Extracted material
::::

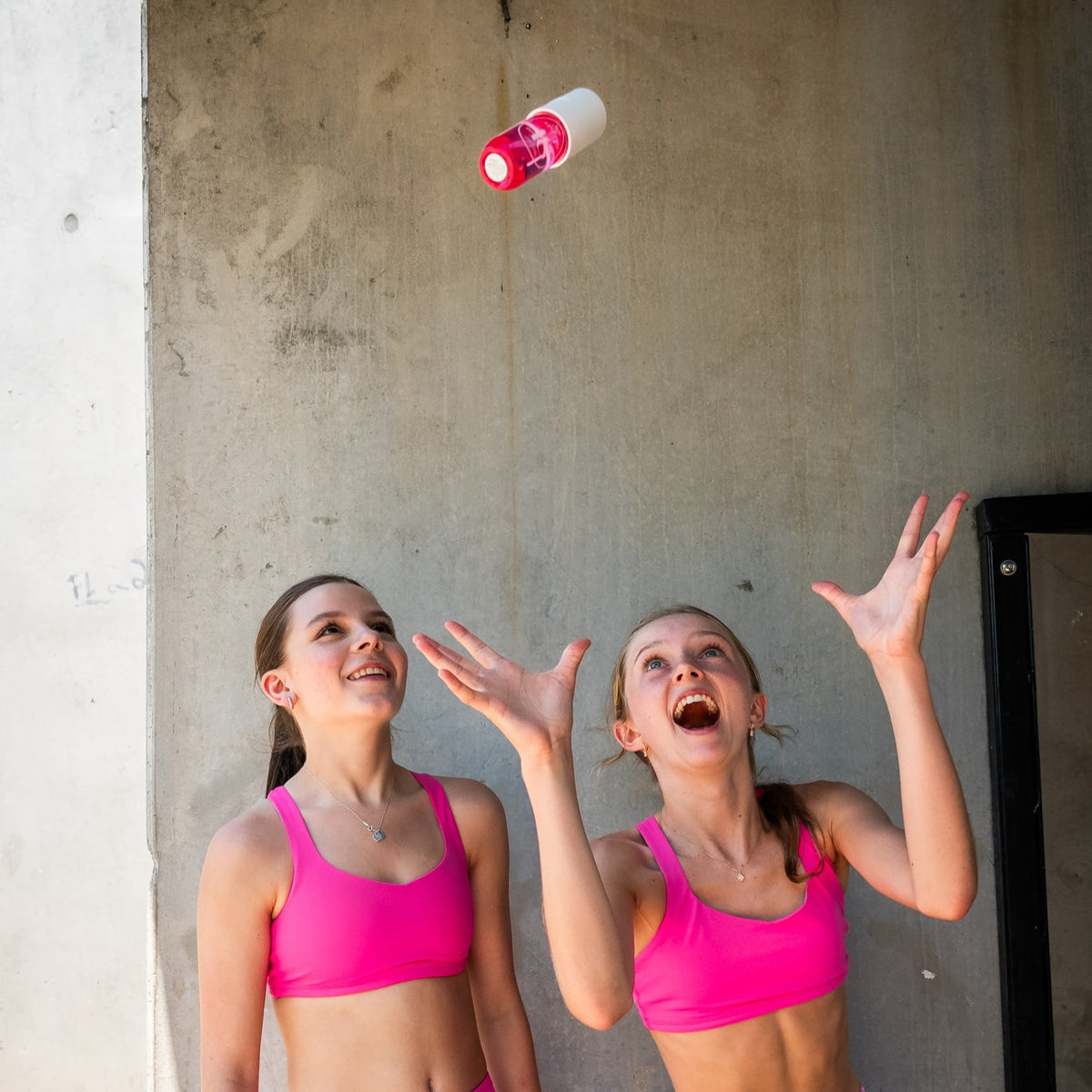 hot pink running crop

::::

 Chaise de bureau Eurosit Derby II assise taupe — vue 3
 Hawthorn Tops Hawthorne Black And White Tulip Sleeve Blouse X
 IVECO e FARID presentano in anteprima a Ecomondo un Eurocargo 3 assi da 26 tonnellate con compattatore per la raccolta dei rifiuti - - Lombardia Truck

::::

Task statement
Your answer must be the lines above from the one containing "Hawthorn Tops Hawthorne" to the one containing "IVECO e FARID", both included, restated word for word.

Answer space
 Hawthorn Tops Hawthorne Black And White Tulip Sleeve Blouse X
 IVECO e FARID presentano in anteprima a Ecomondo un Eurocargo 3 assi da 26 tonnellate con compattatore per la raccolta dei rifiuti - - Lombardia Truck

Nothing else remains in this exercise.